Song by Honny & the Bees Band
- Language: English
- Released: 1973
- Recorded: Ghana
- Genre: Afrobeat
- Length: 4:31
- Songwriter(s): Ernest Honny

= Psychedelic Woman =

"Psychedelic Woman" is a 1973 Ghanaian song by Honny & the Bees Band. It was written and sung by Ernest Aubrey Honny, who worked mainly as a session keyboardist and recording engineer. Over a medium-tempo groove, the song begins with a spoken-word story concerning a "psychedelic woman" first spotted at a nightclub. The story ends with a transitional climax to a sung chorus of several voices. There are several more choruses, interspersed with solo singing, then a funky, jazzy electric organ solo, finishing with a brief recap of singing. Part and parcel of the afrobeat sound then becoming popular in Ghana, influences include reggae, James Brown, and perhaps even Britain's mods.
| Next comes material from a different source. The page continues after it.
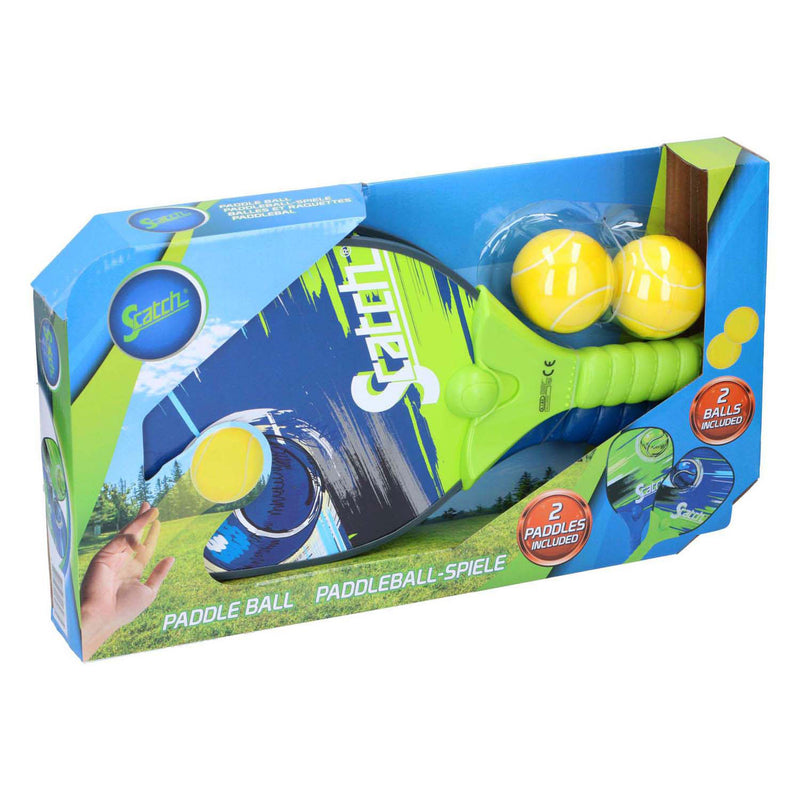 Load image into Gallery viewer, Scatch paddleball set, 4dlg.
Thirty years later it gained a new audience outside of Africa through its inclusion in multiple compilations of 1970's-era African music. Critics highlighted the song in their reviews:
- "Many of the best original tracks are from the 1970s, when west African music was still largely ignored in the west, and they range from the pounding and jazzy Psychedelic Woman by Ghana's Honny and the Bees through to..." – The Guardian
- "'Psychedelic Woman' is irresistible simply because it's so cheesy (but also very good)." – Allmusic
- "Wild, kitschy" – National Public Radio
- "Choice cut" – Robert Christgau
- "A stunning collision of Western and African music in which both get their big moments" – Pitchfork

The original was released as a 45 rpm by Essiebons, backed with "Kofi Salanga" and credited to "Honey and Bees Band".

==Compilations==
- Africa Express Presents... (Ariola Express, 2009). Included at the request of Fatboy Slim.
- Ghana Soundz: Afrobeat, Funk and Fusion in the 70's (Soundway, 2003)
- Rare Trax Vol. 58 - Let There Be Drums! - Afrobeat Reloaded (Rolling Stone Germany, 2008)
- Sound Affects (Mr. Bongo, 2006)

==Remixes==
- A 2005 remix by Bonobo has itself been included on several compilations.
- A mashup version was included on the 2011 album Ghostfunk, produced by Max Tannone, which features a combination of afrobeat and vocal tracks by rapper Ghostface Killah.